CAPACITIES= 2 OR MORE VOLUMES
FRC
The lung volume at the end of normal exhalation
The inward elastic recoil of the lung approximates the outward elastic recoil of the chest
Equals Expiratory reserve volume + residual volume
Obesity markedly reduces, due to decrease in chest wall compliance
Females 10% decrease, Pregnancy decreases
Posture: supine or prone decreases
Restrictive lung disease decreases
Phrenic Nerve paralysis decreases
General Anesthesia, intraabdominal surgery, paralysis all decrease… especially if expanding the abdominal space with CO2 (insufflation)
Functional residual capacity (FRC) and residual volume provide a buffer in the alveoli such that abrupt alterations in PaO2and PaCO2 do not occur.
In the presence of a decreased FRC, transient interruptions in breathing, as during direct laryngoscopy, may result in rapid changes in PaO2.
CLOSING CAPACITY
Small airways lacking cartilaginous support, depend on radial traction caused by elastic recoil of surrounding tissue to keep them open
Airway patency, especially basal areas, highly dependent upon lung volume
Volume at which alveoli begin to close in dependent areas is called closing capacity
These alveoli continue to be perfused, but not ventilated (collapsed alveoli)
V/Q mismatch (shunt)
Result=intrapulmonary shunt (venous admixture), promotes hypoxemia
Closing capacity (CC) is the lung volume at which the small airways in the dependent parts of the lung begin to close.
Closing capacity is the sum of closing volume and residual volume.
It denotes the lung volume from the beginning of airway closure to the end of maximal expiration. Therefore, CV=CC-RV
In normal young people, the closing volume is approximately 10% of the vital capacity, or 400 to 500 ml.
The closing volume and the closing capacity increase with age.
The closing volume is increased in patients with small-airway disease and in chronic smokers.
FRC AND CLOSING CAPACITY
FRC is either independent of age in adults or increases very slightly with increasing age.
Closing Capacity (CC), however, increases with age. Normally, CC is well below FRC. Age 44, CC=FRC in supine position.
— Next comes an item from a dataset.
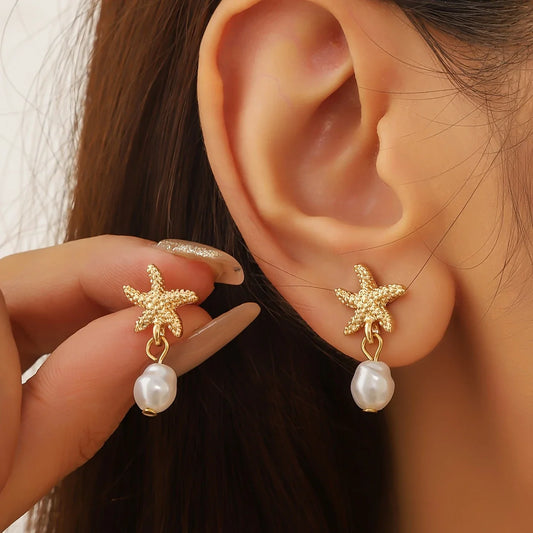 Elegant Starfish with Bead Tassel Earrings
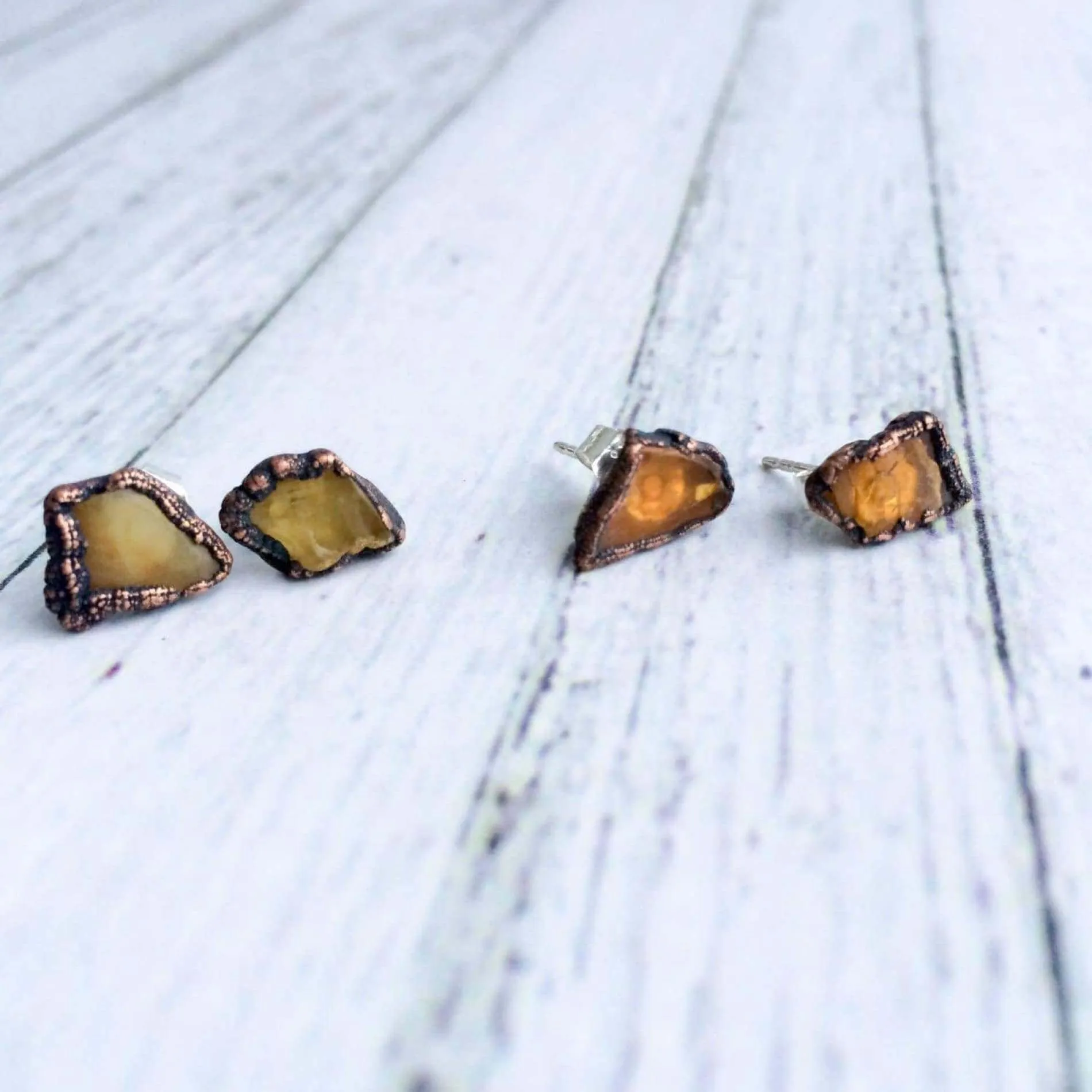 Raw Amber studs | Rough amber earrings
By age 66, CC exceeds FRC in upright position.
-Hypoxemia in supine position for old patients!
FRC increases approximately 30% by changing from the supine position to the upright position.
The CC, on the other hand, is independent of body position.
It is important to remember that the effects of age on CC and posture on FRC determine whether airway closure exists.
-Especially in obese patients
ALVEOLAR VENTILATION
Areas include: alveoli, alveolar sacs, alveolar ducts, respiratory bronchioles.
The rate new air reaches these areas is called alveolar ventilation.
Dead space: air that does not reach alveolar ventilation. Everything above the acinus.
The dead space stops/begins at the Y-Connector
Normal dead space: 150ml (increases with age) anatomic dead space
Physiologic dead space = alveolar dead space (areas that arent perfused in the lungs) + anatomic dead space (first 16 generations)
(WHAT IS A PE with DEAD SPACE????)
In a normal healthy adult physiologic dead space = anatomic dead space
(KNOW SHUNT FRACTION???)
ABBREVIATIONS
AIRWAY RESISTANCE
Resistance highest in the bronchioles and bronchi closest to the trachea.
Lowest below terminal bronchioles and acinus.
Due to the large surface area of the non conducting airways.
In disease states small bronchioles play a larger role in resistance of air due to their small diameter and how easily occluded they are. Edema, infection, contraction (spasm), mucus.